Tunneling time of spin-polarized electrons in ferromagnet/insulator (semiconductor) double junctions under an applied electric field

Abstract

Based on the group velocity concept and the two-band model, we investigated tunneling properties of spin-polarized electrons traversing ferromagnetic/insulator (semiconductor) double junctions under the influence of an external electric field. The tunneling time and the transmission coefficient, as well as the spin polarization, were calculated and examined. Effects of the electric field and quantum size are also considered. The results indicate that the tunneling time strongly depends on the spin orientation of tunneling electrons. In a wide range of incident energy, spin-down electrons spend a longer time tunneling through the structure than spin-up ones, and the difference of the tunneling time Δτ between electrons with opposite spin orientation is very sensitive to the incident energy in the lower energy region. Moreover, the variation of Δτ with the increasing of the incident energy shows pronounced oscillations for certain applied bias and structural size.

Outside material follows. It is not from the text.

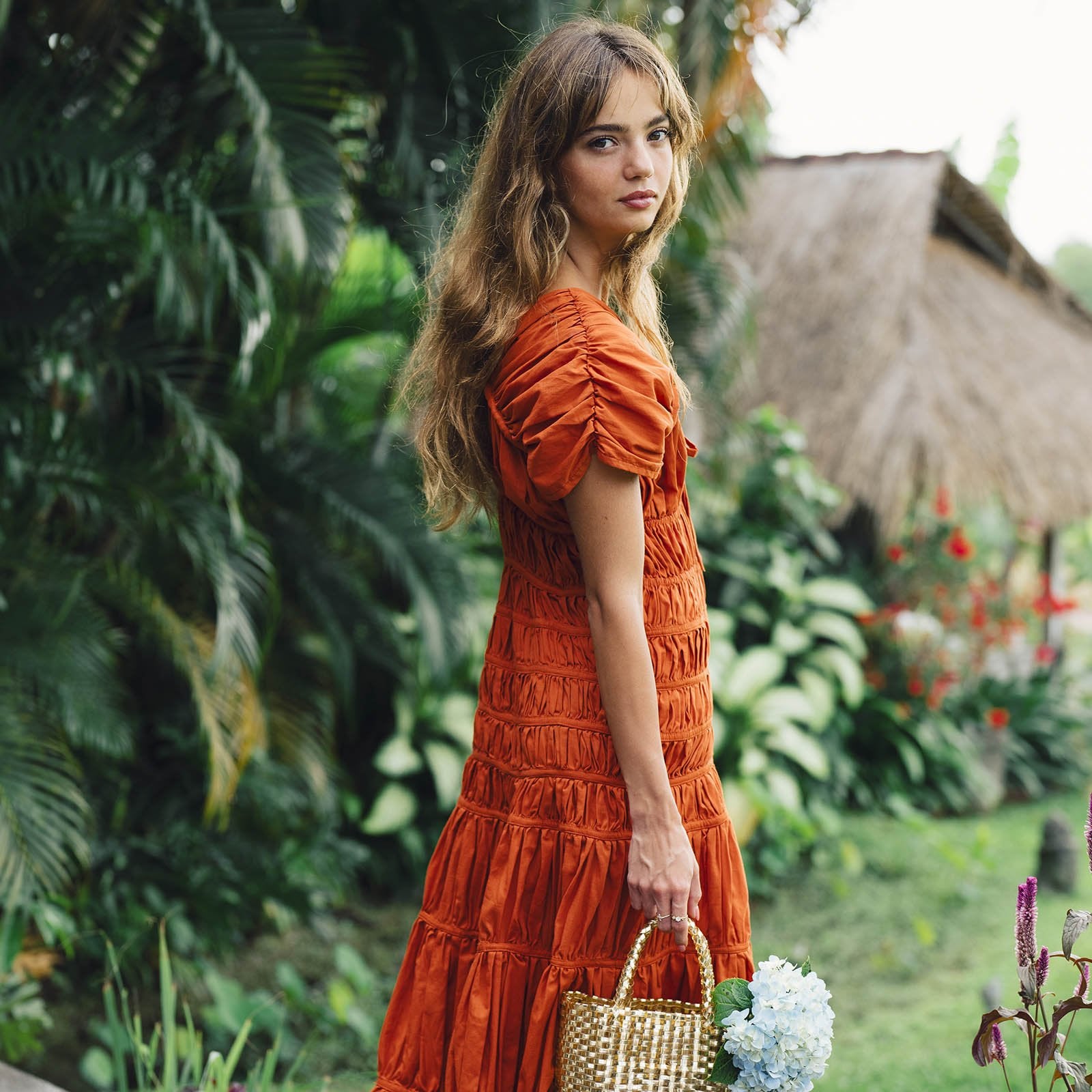 The Srikandi Maxi Dress In Sienna Brown - Diazza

The results also indicate that spin polarization shows frequent wide-range oscillations and its magnitude decays slowly with the increasing of the incident energy, which reveal that the spin polarization in ferromagnetic/insulator (semiconductor) junctions possesses quite different properties from those exhibited in semiconductor electric-barrier or magnetic-barrier structures as well as semiconductor/semimagnetic semiconductor hybrid heterostructures.